Esa dualidad entre el regionalismo ortodoxo y el cosmopolitismo aprendido durante su estancia madrileña rotulan su perfil fronterizo, que localiza en la esencialidad geométrico-estructural miesina su manifiesto fisiológico.
En su opera prima se perciben nítidamente referencias foráneas como la capilla de Notre-Dame-du Haut (1950-1954) en Ronchamp de Le Corbusier, o las renombradas cubiertas-ala de Félix Candela para el panteón de la familia Núñez (1958) en el cementerio Colón de la Habana y, sobre todo, las del santuario misionero de Nuestra Señora de la Soledad del Altillo (1955) en Coyoacán (México DF).
Sin embargo es con Frank Lloyd Wright y su Unitarian Church (1947-1953) de Shorewood Hills (Wisconsin) donde la influencia resulta más palpable: geometría de traza triangular, cubierta a dos aguas que sube en diagonal, muros portantes formando un zócalo de piedra caliza, iluminación cenital,…
La lectura en profundidad de San Felipe Neri permite valorar el formidable conocimiento del depurado credo wrightiano, que ya atesora un novel Escario.
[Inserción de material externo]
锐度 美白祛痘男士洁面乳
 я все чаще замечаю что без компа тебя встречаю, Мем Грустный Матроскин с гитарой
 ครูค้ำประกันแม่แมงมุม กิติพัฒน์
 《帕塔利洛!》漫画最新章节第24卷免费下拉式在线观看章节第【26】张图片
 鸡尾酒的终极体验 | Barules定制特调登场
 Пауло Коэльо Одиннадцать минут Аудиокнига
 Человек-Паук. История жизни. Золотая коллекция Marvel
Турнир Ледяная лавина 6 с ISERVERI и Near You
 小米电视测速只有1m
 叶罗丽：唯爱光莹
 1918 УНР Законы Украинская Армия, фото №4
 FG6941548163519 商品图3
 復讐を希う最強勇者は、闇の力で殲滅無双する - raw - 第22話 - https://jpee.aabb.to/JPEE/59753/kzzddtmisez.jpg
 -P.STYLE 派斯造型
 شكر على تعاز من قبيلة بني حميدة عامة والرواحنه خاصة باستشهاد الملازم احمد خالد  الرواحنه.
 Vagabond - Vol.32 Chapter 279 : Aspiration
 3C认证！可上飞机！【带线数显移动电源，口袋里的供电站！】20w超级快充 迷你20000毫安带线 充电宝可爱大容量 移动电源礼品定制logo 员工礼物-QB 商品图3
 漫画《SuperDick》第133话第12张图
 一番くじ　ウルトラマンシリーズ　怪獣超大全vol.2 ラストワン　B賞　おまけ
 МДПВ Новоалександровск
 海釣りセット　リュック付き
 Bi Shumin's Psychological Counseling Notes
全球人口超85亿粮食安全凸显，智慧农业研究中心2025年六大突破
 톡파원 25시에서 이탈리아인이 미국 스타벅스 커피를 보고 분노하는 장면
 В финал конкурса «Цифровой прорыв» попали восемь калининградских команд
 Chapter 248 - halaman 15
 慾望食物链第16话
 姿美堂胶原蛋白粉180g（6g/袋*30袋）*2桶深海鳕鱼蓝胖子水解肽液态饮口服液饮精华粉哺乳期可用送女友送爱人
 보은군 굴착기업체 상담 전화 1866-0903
Éste se siente fascinado por la tremenda capacidad integradora de tendencias (del protorracionalismo, pasando por corrientes neoplásticas holandesas al organicismo) que acumula el estadounidense (Zevi, Argan).
Uno de los principales postulados preconizados por Wright es la armonización de la construcción con el medio ambiente. Y el Oratorio se extiende sobre el terreno subrayando las líneas estructurales del lugar como forma de expresar su voluntad de conjunción con el ámbito vegetal exterior.
Incluso hoy, cuando el entorno se exhibe descontextualizado ante la irreverente desmesura volumétrica que emerge alrededor del parque Abelardo Sánchez, el santuario continúa desvelando esa aspiración por el diálogo con la naturaleza.
Como Wright, Escario rechaza a priori toda morfología y tipo histórico prefiriendo introducir modelos y respuestas basándose en la abstracción (Einfühlung). Próximo a los ejercicios vernáculos de Le Corbusier en los años 30, en su primer ensayo iniciático se vislumbra un cierto romanticismo por la artesanía y una obsesión por alcanzar las raíces domésticas de la arquitectura.
El programa no se ciñe exclusivamente a la erección de un templo ex nuovo, sino que incluye la remodelación del Colegio-Residencia de la Comunidad y la implantación de una amalgama de espacios (paraninfo, salas de conferencias, biblioteca…) destinados al apostolado juvenil y al ejercicio de actividades culturales.
La extensión del programa funcional refuerza la evocación a The Unitarian, aunque el repertorio compositivo y las semejanzas formales resultan más amplios. Así, el concepto totémico de cruz a modo de campanille de hormigón exento recuerda a Asplund en su Cementerio del Bosque y también al Convento, teologado e iglesia de San Pedro Mártir de los padres Dominicos en Alcobendas (1955-1959).
Incluido en el Docomomo Ibérico es una pieza clave de Fisac que Escario conoce y de la que toma algunos conceptos básicos: iluminación, torre-campanario como hito. Pero, el uso de la curva (presbiterio semicircular), el valor texturial de las superficies y sobre todo la levedad de la cubierta son corbuserianas.
Como en Ronchamp la techumbre se presenta como analogía del barco de la salvación judeo-cristiana (Noé, …) de modo que la envolvente asemeja un cascarón revestido de madera que flota sobre la nave y se distancia de los muros de mampostería laterales dejando entrever una fina rendija de luz.
A excepción de la imagen de la Virgen, esculpida por Vilacamps, Escario diseña tanto el mobiliario (bancos, …) como las piezas litúrgicas (confesionario, …) entre las que destaca el bloque cúbico del altar en piedra.
Ese diseño de la totalidad favorece la unidad conceptual del conjunto y con el paso del tiempo permite valorar mejor la evolución de Escario, acrecentando un lenguaje propio, aunque sin olvidar nunca el origen y la esencia de su formación moderna.